━━ Record excerpts ━━
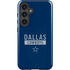 NFL Dallas Cowboys Blue Performance Series Galaxy S25 Impact Case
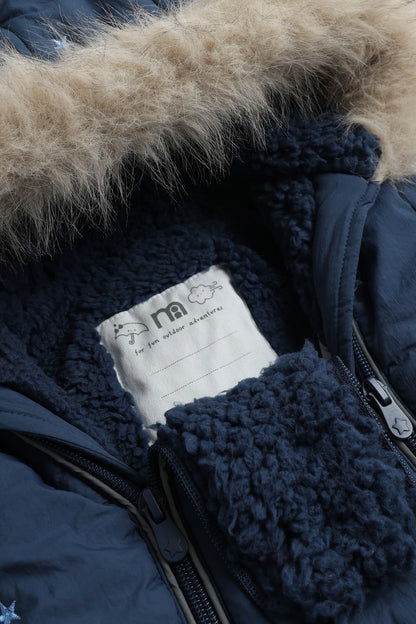 Blue Star Snowsuit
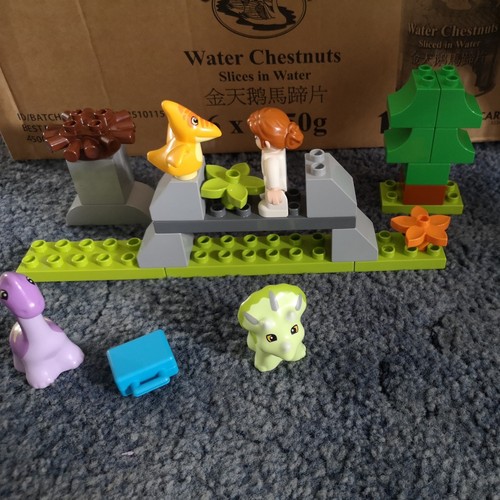 Lego duplo set - 10938, jurassic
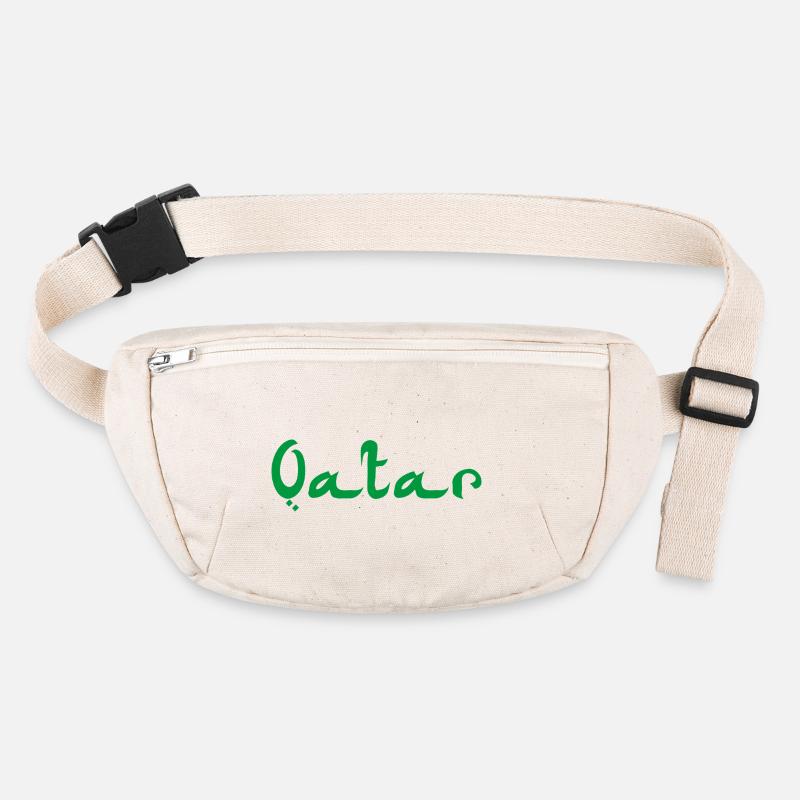 Qatar Katar Stanley/Stella recycelte Gürteltasche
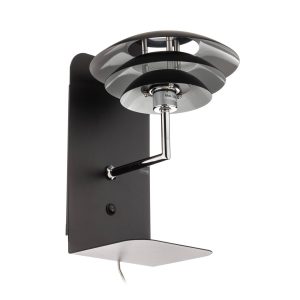 Dyberg Larsen DL20 USB Shelf fali lámpa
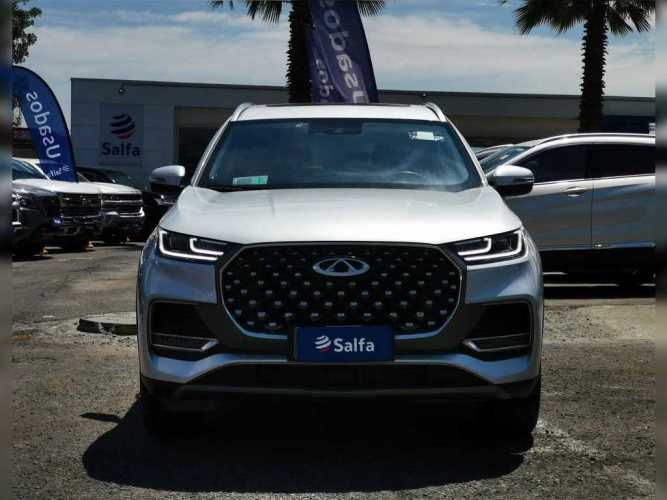 CHERY TIGGO 8 PRO 2024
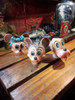 Antiguas Cabeza De Titeres (mickey Minnie Pluto) 5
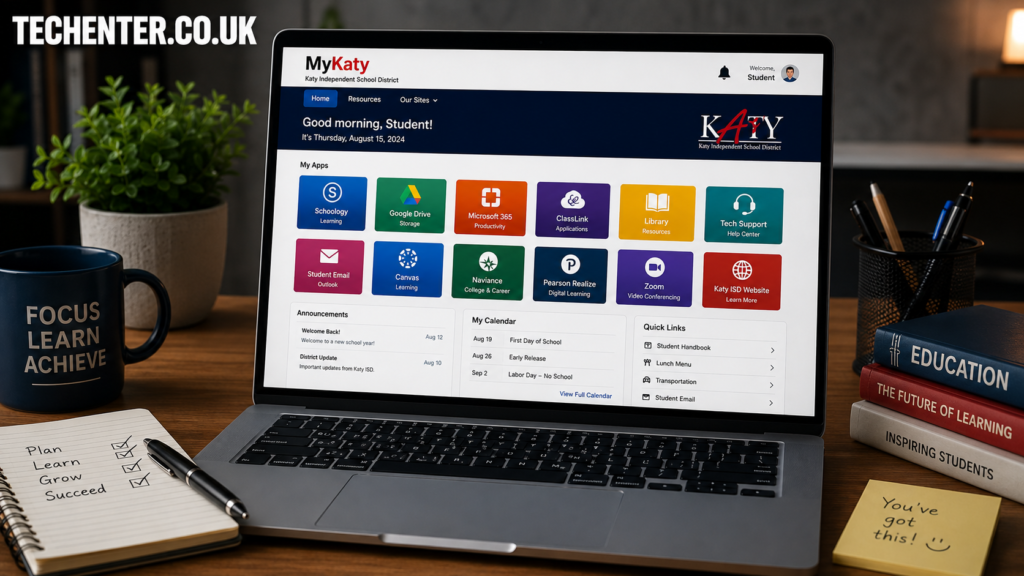 MyKaty: A Complete Guide to Digital School Tools and Resources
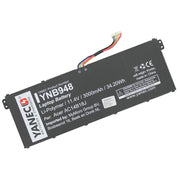 Yanec Laptop Accu 3000mAh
━━━
* [Task item]
An exact copy of the lines from the one with "Blue Star Snowsuit" through the end of the records: produce that and nothing more, leaving out the pictures.

* [Exercise answer]
 Blue Star Snowsuit
 Lego duplo set - 10938, jurassic
 Qatar Katar Stanley/Stella recycelte Gürteltasche
 Dyberg Larsen DL20 USB Shelf fali lámpa
 CHERY TIGGO 8 PRO 2024
 Antiguas Cabeza De Titeres (mickey Minnie Pluto) 5
 MyKaty: A Complete Guide to Digital School Tools and Resources
 Yanec Laptop Accu 3000mAh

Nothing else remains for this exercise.